Depuis 1394, le Royaume bamoun transmet une langue, une écriture, un art et une manière de délibérer. Nous en perpétuons les us et coutumes ici, entre la Belgique, les Pays-Bas et le Luxembourg, et nous accueillons toute personne descendant d'un ascendant bamoun.

Shümom · l'écriture du Royaume

a · ka · u · ku

Les quatre premiers signes du shümom, l'écriture que le Mfon Ibrahim Njoya créa pour les siens, lui ont donné son nom. Quatre-vingts signes, une syllabe chacun, arrêtés dans leur forme aboutie en 1918.

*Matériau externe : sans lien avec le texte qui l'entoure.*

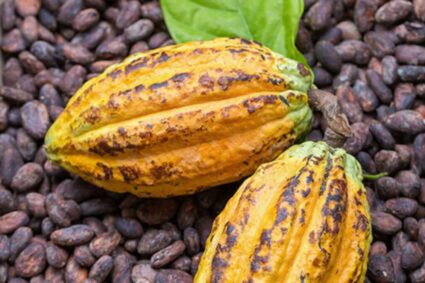 Renace el debate mundial: ¿Dónde se domesticó primero el cacao?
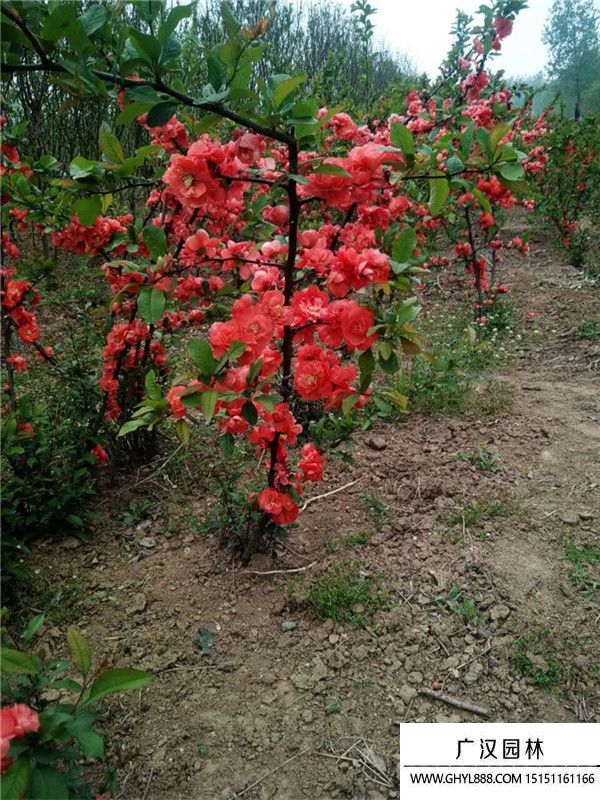 貼梗海棠 貼梗海棠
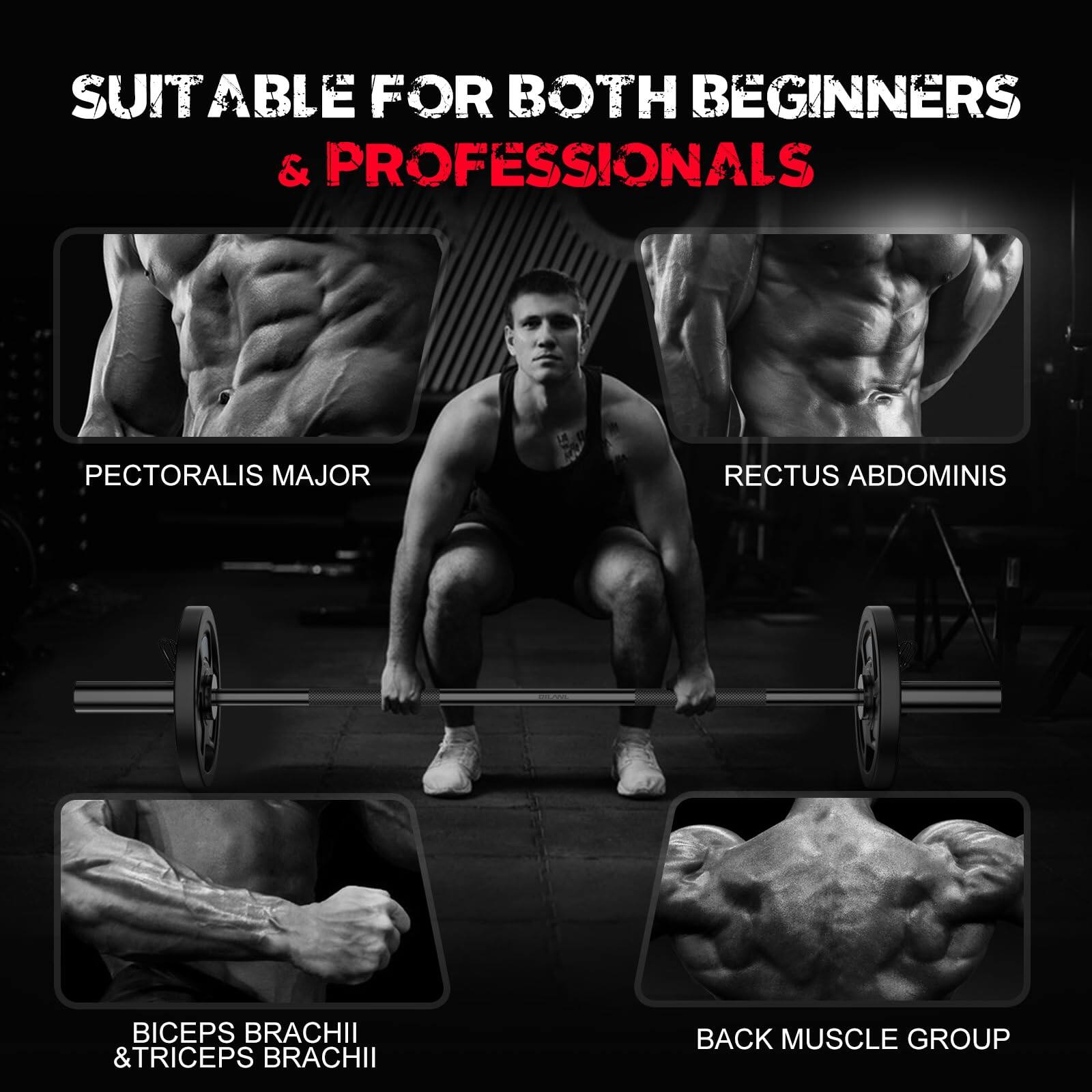 SUITABLE FOR BOTH BEGINNERS & PROFESSIONALS

PECTORALIS MAJOR

RECTUS ABDOMINIS

BICEPS BRACHII & TRICEPS BRACHII

BACK MUSCLE GROUP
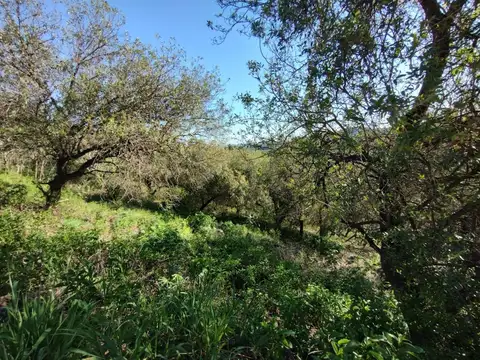 Lote en Sierra Nueva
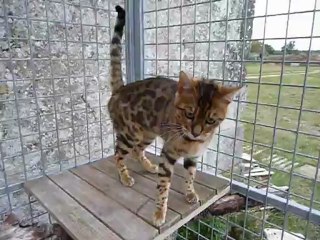 Magic Bengal GIN TONIC & wowBengals PEARL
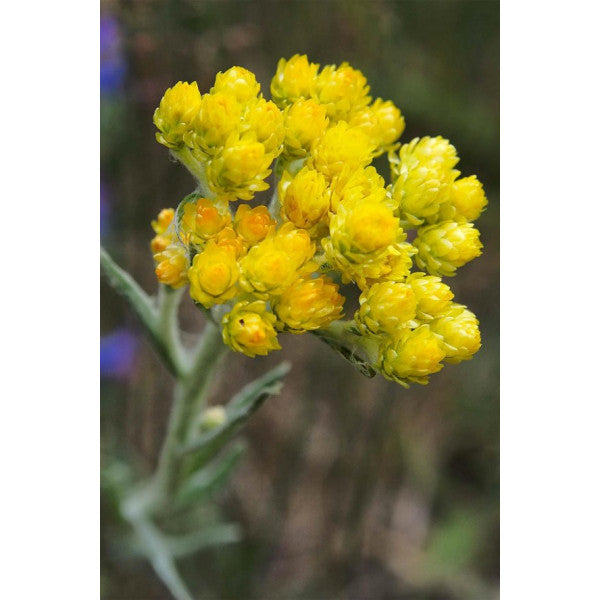 Organikbitkim Golden Grass - Immortal Flower / Kudama 250 Gr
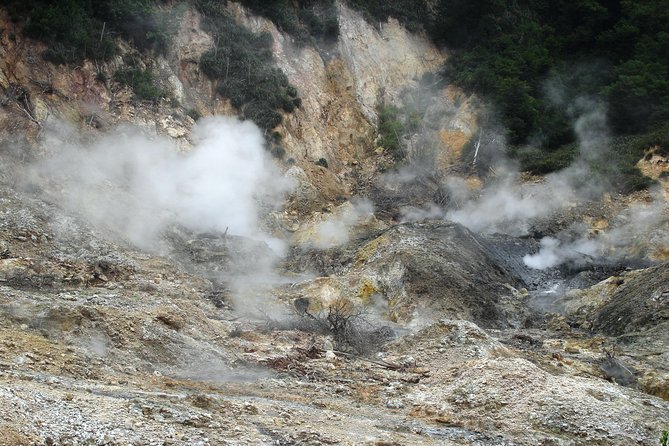 Bon Voyage - St. Lucia Tour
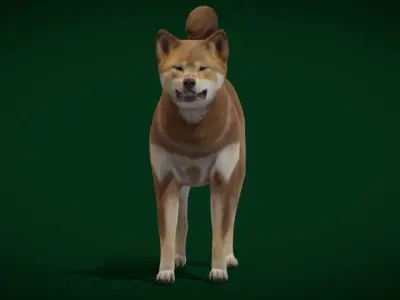 Shikoku Inu Dog Breed 3D model
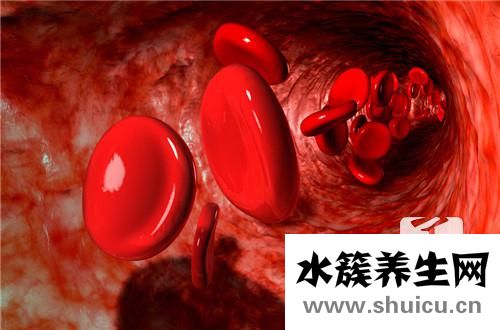牛肚的营养价值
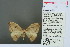  ( - RMNH.INS.13781)  @13 [ ] Unspecified (default): All Rights Reserved  Unspecified Unspecified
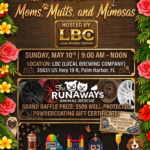 car show in palm harbor florida on may 10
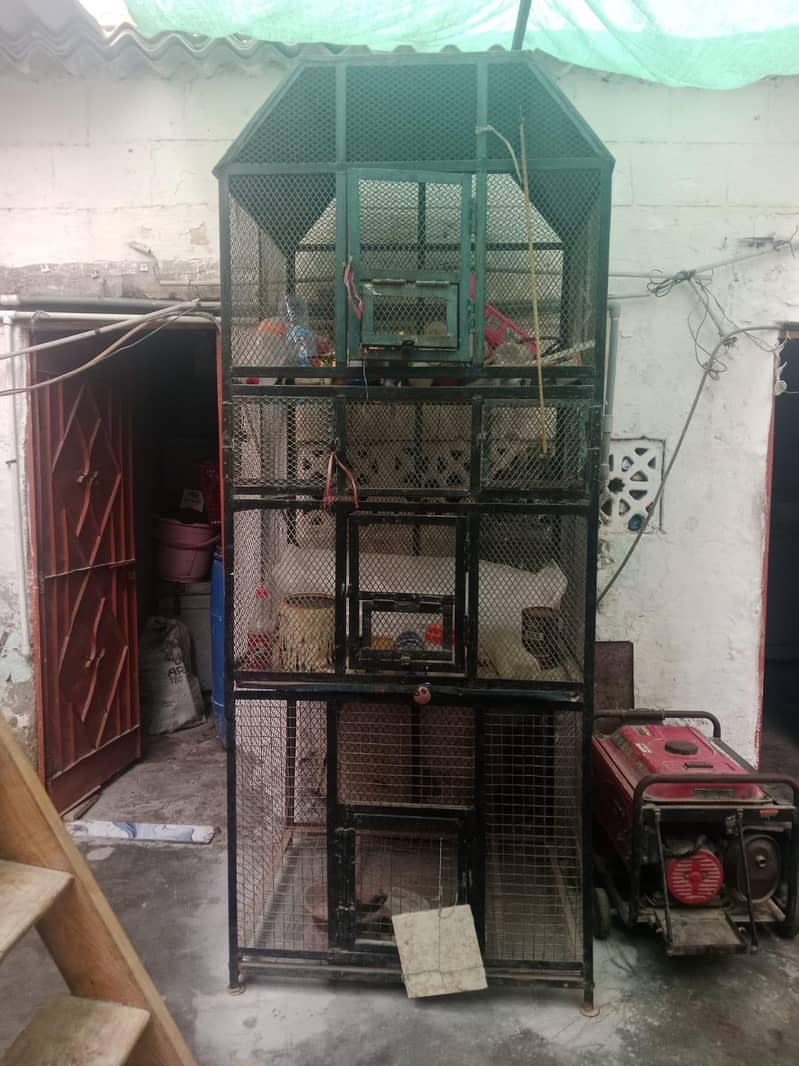 bird cage 1
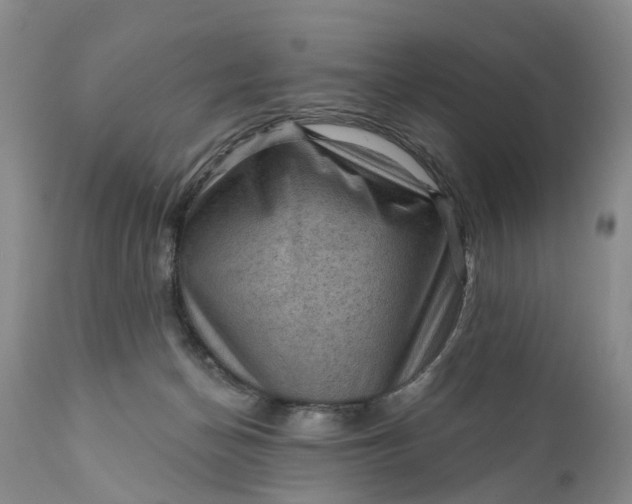 X0000111040174200907091618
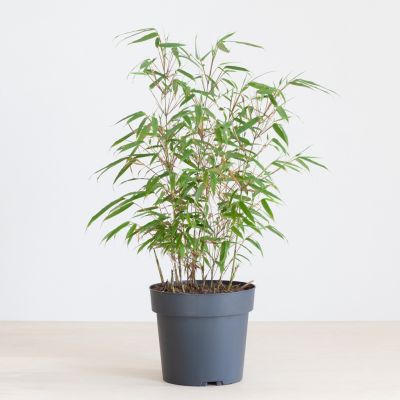 Fargesia bamboe plant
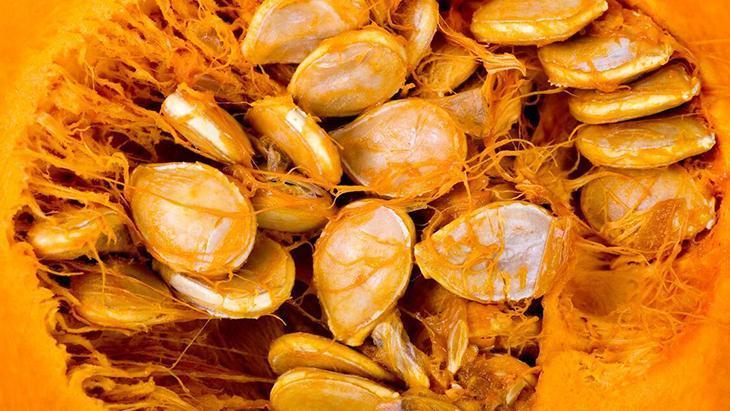 Mutfakta sebze doğada meyve! A vitamini deposu, kavunla aynı aileden 1 Mutfakta sebze doğada meyve! A vitamini deposu, kavunla aynı aileden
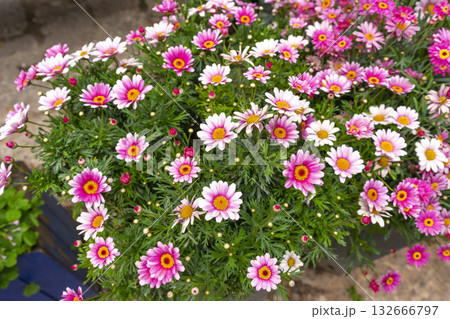 Bush of colourful flower in the pot, Argyranthemum is a genus of flowering plants belonging to the family Asteraceae. Bush of colourful flower in the pot, Argyranthemum is a genus of flowering plants belonging to the family Asteraceae. 132666797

« Mun gbu mun ya »— l'homme est le soutien de l'homme.

Shümom, signe par signe : mu·m · kpa·u · mu·m · ya. Le son « gb » n'existe pas parmi les quatre-vingts signes : il est rendu ici par le signe kpa. Transcription à confirmer par un lettré du shümom.

Le Mfon des Bamoun · La Porte des Tranchées

Les armoiries

Trois figures, trois vertus

Les armoiries du peuple bamoun ne sont pas décoratives : chacune énonce une qualité que le Royaume attend des siens. Touchez une figure pour lire ce qu'elle dit.

Six siècles

Du fondateur Nchare Yen au vingtième Mfon

Une dynastie ininterrompue, établie à Foumban dans l'actuelle Région de l'Ouest du Cameroun. Choisissez une date.

La dynastie

Les vingt Mfon

Vingt souverains se sont succédé sans rupture depuis 1394. Une seule femme y figure : la reine Ngoungoure, quinzième du nom, dont la tradition dit que le règne ne dura que trente minutes. Les seize premiers règnes nous viennent de la tradition orale : leurs dates sont des estimations, et les graphies des noms varient selon les sources.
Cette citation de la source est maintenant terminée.